NCAA: From Near-Slavery to Quasi-Fascism

Wednesday, December 06, 2023

According to the Wall Street Journal, the NCAA is considering the "radical" idea of permitting colleges to pay actual money to the grown men and women who play spectator sports under their brands.

Do note that the term radical is not my sarcastic description, but the newspaper's, and is used unironically in its headline.

Here's what they're calling "radical":

The proposed changes would create a new top tier, or subdivision, for the richest programs. Those schools would be required to set aside at least $30,000 per year for at least half of their eligible athletes in an educational trust fund designed to serve as a launching pad fund. The subdivision would also require schools to work together to make their own rules for things like scholarship limits, recruiting windows and transfer requirements.
This neither challenges the altruistic premise that amateurism is morally superior to professionalism in athletics, nor grants professionalism a (long-overdue) moral sanction: It's just a new flavor of hypocrisy.

And it is a sad joke compared to what athletes of similar ages abroad and in other sports are making.

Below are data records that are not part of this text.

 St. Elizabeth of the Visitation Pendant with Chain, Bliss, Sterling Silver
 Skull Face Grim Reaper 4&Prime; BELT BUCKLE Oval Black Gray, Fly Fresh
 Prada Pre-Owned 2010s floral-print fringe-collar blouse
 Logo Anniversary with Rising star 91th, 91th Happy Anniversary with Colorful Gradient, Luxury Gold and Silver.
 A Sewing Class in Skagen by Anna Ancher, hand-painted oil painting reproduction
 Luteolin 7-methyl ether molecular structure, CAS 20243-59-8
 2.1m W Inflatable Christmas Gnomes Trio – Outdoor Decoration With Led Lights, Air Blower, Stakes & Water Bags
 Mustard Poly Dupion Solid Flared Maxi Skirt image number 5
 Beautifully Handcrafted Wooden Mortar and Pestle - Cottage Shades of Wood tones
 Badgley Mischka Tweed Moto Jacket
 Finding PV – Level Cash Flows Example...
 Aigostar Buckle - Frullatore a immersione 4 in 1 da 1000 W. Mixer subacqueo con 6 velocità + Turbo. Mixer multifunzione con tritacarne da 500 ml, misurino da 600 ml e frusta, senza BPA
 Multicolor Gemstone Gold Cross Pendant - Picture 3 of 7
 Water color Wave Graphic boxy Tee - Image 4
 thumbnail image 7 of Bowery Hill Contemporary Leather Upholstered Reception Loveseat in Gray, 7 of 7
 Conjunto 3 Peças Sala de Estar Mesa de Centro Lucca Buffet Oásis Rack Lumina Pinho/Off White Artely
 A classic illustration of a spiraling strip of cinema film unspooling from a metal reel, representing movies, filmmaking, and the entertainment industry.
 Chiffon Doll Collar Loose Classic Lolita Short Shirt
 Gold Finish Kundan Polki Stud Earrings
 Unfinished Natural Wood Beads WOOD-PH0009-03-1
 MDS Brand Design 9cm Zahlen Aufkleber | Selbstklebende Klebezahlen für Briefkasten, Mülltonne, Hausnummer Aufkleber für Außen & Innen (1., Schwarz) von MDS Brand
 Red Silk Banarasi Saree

I argued years ago that football of the American gridiron variety should adopt the more capitalist (and thus more truly American) multi-tiered league systems of association football (aka soccer) already found in Europe:
An expectant mother roots for Ajax FC, renowned for its youth development program. (Image via Pixabay.)
The good news is that we are now speaking openly of compensating college-aged athletes. The bad is that we continue doing so on the unimaginative premise that they must play for college teams. Fortunately, we have the [counterexample] of European soccer abroad ... to help people see that there are far better ways -- morally and practically -- to foster young athletes...
Interestingly, the article discusses several compensation-centered legal actions pending against the NCAA, including a unionization attempt by a baseball team.

While that is occurring within America's hyperregulated and litigious legal environment, and unions are hardly friendly to capitalism, I would bet that has a higher chance of freeing college athletes to turn pro (even if accidentally) than the NCAA's "radical" proposal to continue not really paying college(-aged) athletes.